Which Geyser Gushes First?

You arrive at Three Geysers National Park, where geysers $A$, $B$ and $C$ erupt at intervals of precisely two, four and six hours respectively. You have no idea how the eruptions are staggered: assume each geyser started at some independently random point in history. What are the probabilities that $A$, $B$ and $C$, respectively, will be the first to erupt after your arrival?
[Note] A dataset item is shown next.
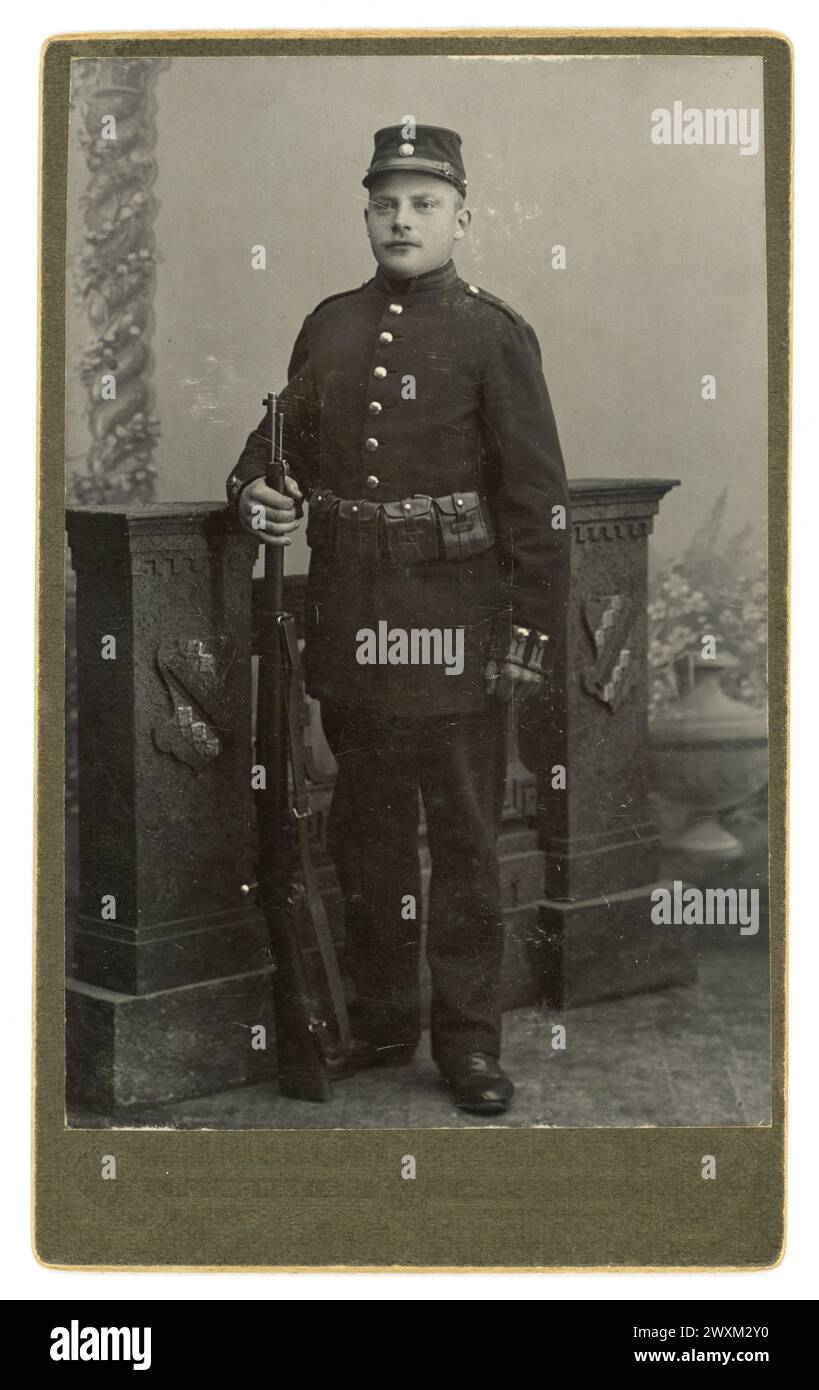 Début des années 1900 carte de visite (carte de visite ou CDV) d'un soldat suédois armé, en uniforme tenant un fusil, du studio photographique d'Albin Berns, Backamo, région de Vastra Gotaland en Suède, vers 1900. Banque D'Images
The Riddler, FiveThirtyEight(original post)

Solution

Because each geyser’s starting time is random and it erupts on a fixed cycle, the time you must wait for its next eruption is uniform on one full period. So the waits are independent with $$a \sim \mathcal U(0,2), \qquad b \sim \mathcal U(0,4), \qquad c \sim \mathcal U(0,6),$$ and geyser $A$ wins exactly when $a$ is the smallest of the three. Conditioning on $a$, the chance $b$ exceeds it is $(4-a)/4$ and the chance $c$ exceeds it is $(6-a)/6$, so $$\begin{aligned} \Pr(A\text{ first}) &= \int_0^2 \frac12 \cdot \frac{4-a}{4}\cdot\frac{6-a}{6}\,da\\ &= \frac{1}{48}\int_0^2 (4-a)(6-a)\,da = \frac{1}{48}\cdot\frac{92}{3} = \frac{23}{36}. \end{aligned}$$ For $B$ to win it must beat $a$, but $a \le 2$ always, so any $b > 2$ is already too late; only $b \in (0,2)$ can win, giving $$\Pr(B\text{ first}) = \int_0^2 \frac14 \cdot \frac{2-b}{2}\cdot\frac{6-b}{6}\,db = \frac{1}{48}\cdot\frac{32}{3} = \frac{8}{36}.$$ The three probabilities sum to $1$, so $C$ takes what is left: $$\Pr(A), \Pr(B), \Pr(C) = \boxed{\tfrac{23}{36},\ \tfrac{8}{36},\ \tfrac{5}{36}}.$$ The shortest cycle wins most often, as it should: $A$ erupts first nearly two-thirds of the time.

The computation

Replay the visit. Draw each geyser’s wait uniformly over its own period, see which is smallest, and tally the winners over many arrivals.

import numpy as np
rng = np.random.default_rng(0)
N = 10_000_000

a = rng.uniform(0, 2, N)      # wait until A's next eruption
b = rng.uniform(0, 4, N)
c = rng.uniform(0, 6, N)

print("A:", round((( a < b) & (a < c)).mean(), 4))
print("B:", round((( b < a) & (b < c)).mean(), 4))
print("C:", round((( c < a) & (c < b)).mean(), 4))
# A: 0.6391    (23/36 = 0.6389)
# B: 0.2222    ( 8/36 = 0.2222)
# C: 0.1387    ( 5/36 = 0.1389)